Il est difficile d’analyser les comportements ouvriers, d’en définir des étapes, tout autant que de s’abstraire du moi qui observe, du lieu d’où il observe et dans quelles circonstances il observe... tout cela ressortira de l’analyse. Cette analyse, on la tente aujourd’hui suite à une expérience revendicative qui a conduit à l’échec pour ne pas avoir pu modifier, sauf un tout petit peu, les conditions de travail, les conditions d’exploitation de notre force de travail tout au long des quinze dernières années de relations capital-travail. Le sentiment d’échec a été amplifié par le fait de nous savoir moins autonomes, moins capables d’intervenir pour modifier les relations sociales, aussi bien dans la sphère la plus proche que dans la plus lointaine. Par ailleurs, il est difficile dans l’analyse de cette réponse ouvrière, d’en faire une évaluation, d’établir des comparaisons, de discuter de ce qui est en plus ou en moins... Il s’agit plutôt de voir les différences, de les expliquer, de les comprendre. Différences d’époque, de période, de zone géographique. Nous voyons par exemple comment en France on réagit pour bien moins (contre la modification d’un point spécifique du marché du travail), alors qu’en Espagne, aujourd’hui, on se tait pour beaucoup plus (modification totale du marché du travail). Des différences politiques, administratives (aujourd’hui en France, c’est la droite qui gouverne) peuvent aussi expliquer ces différents comportements mais il y a un trait fondamental, inscrit dans une même forme de composition de classe, c’est l’accélération et l’atypisme du processus de prolétarisation à la fin du franquisme.
L’Espagne s’incorpore aux formes démocratiques de domination capitaliste et aussi à son « état de bien-être » au moment où celui-ci commence à entrer en crise en Europe.

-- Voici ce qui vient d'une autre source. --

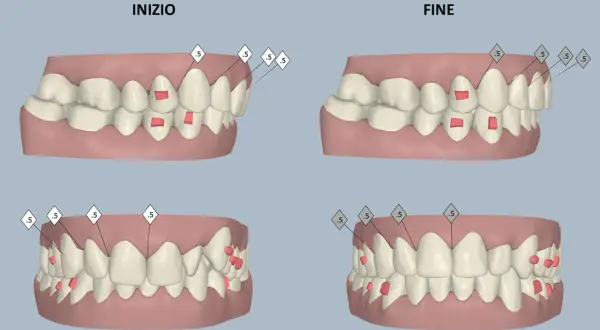 Confronto tra denti prima e dopo il trattamento ortodontico, con evidenziati gli attachment Invisalign.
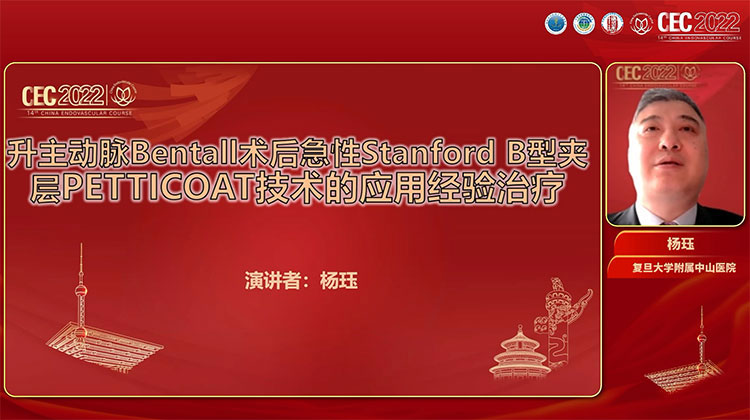 升主动脉Bentall术后急性Stanford B型夹层PETTICOAT技术的应用经验治疗-杨珏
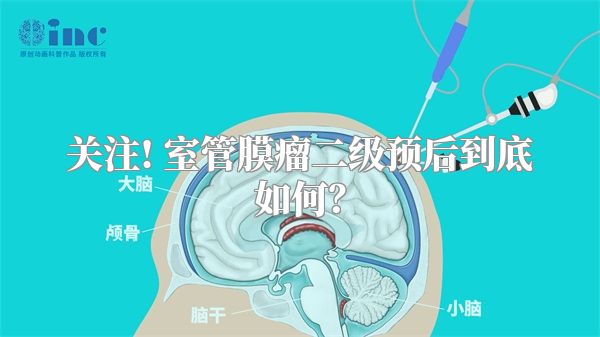 关注! 室管膜瘤二级预后到底如何？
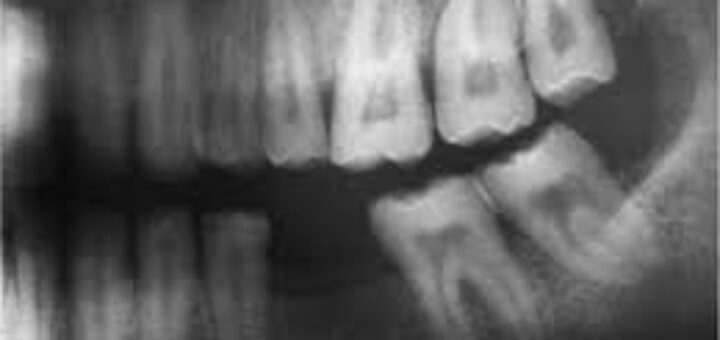 Turner Hypoplasia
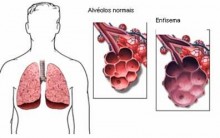 Bronquite Crônica – O que é, Tratamento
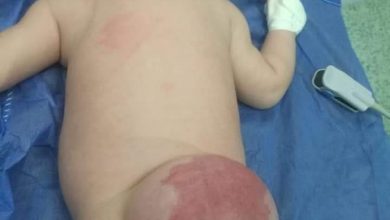 Photo of إستئصال ورم وكيس بالظهر لطفل حديث الولاده بمستشفى أطفال بنها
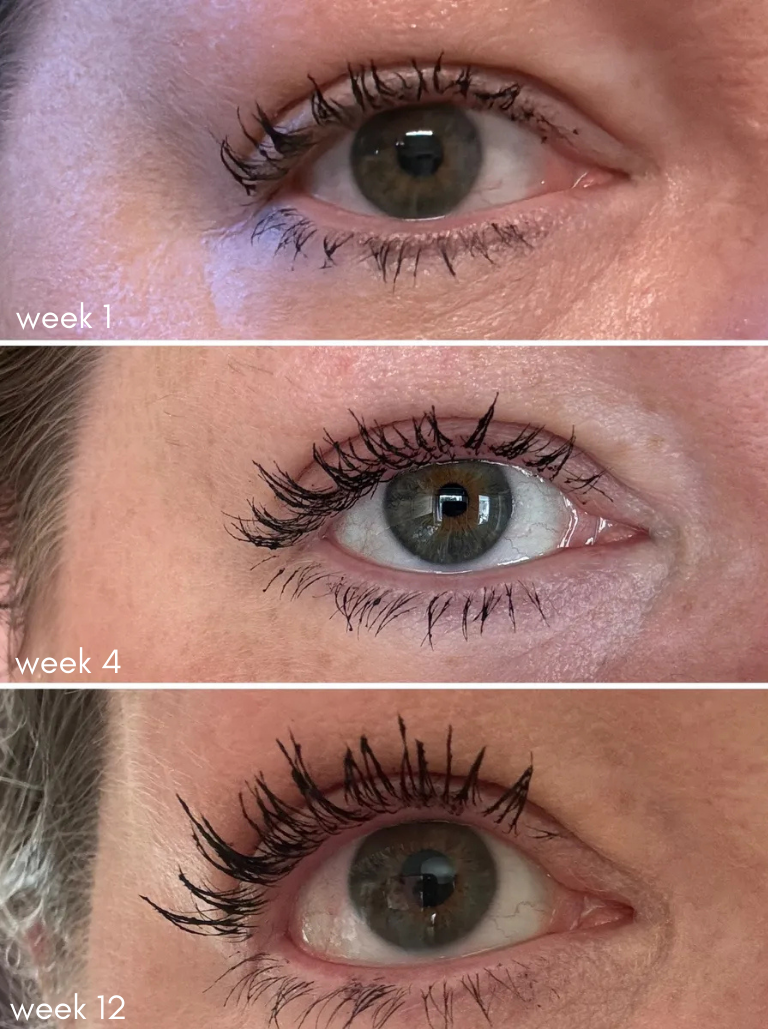 Eyelash Serum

Cela ne se produit pas dans une période d’expansion, comme cela s’est passé en France, en Allemagne ; au contraire cela se passe dans une période de récession et de crise ; en dix ans, les ouvriers espagnols parcourent le même chemin que les ouvriers des autres pays européens ont parcouru en quarante ans. La prolétarisation est atypique, de faible ampleur, rapide sans laisser la même empreinte qu’elle a laissée dans le mouvement ouvrier des zones centrales de l’Europe, en permettant le retour à des situations impensables dans les autres pays d’Europe, par exemple dans le rôle de soutien que joue aujourd’hui la famille face à la diminution des salaires et au chômage. Ce rôle, la famille ne pourrait pas le jouer dans les pays d’Europe centrale vu qu’elle s’y est désintégrée. Dix années de PSOE [Parti socialiste] au pouvoir, de discours cyniques, d’insistance à nous faire accepter ce qu’il y a de « moins pire », de nous responsabiliser pour la baisse de rentabilité des entreprises, de nous faire intérioriser la logique du profit maximum et de nous faire croire que l’intérêt de l’entreprise est aussi le nôtre. Et aujourd’hui, lorsque ces entreprises ferment leur porte, la conséquence, c’est qu’il apparaît soudain clairement que tout cela n’était que mensonges. Alors les syndicats, les journalistes et tous les spécialistes de « l’ouvrier » accourent et en appellent à l’éthique des entreprises pour qu’elles maintiennent les postes de travail, comme si elles avaient une autre logique que le profit maximum, faisant ainsi une affaire morale ce qui est une lutte de classe.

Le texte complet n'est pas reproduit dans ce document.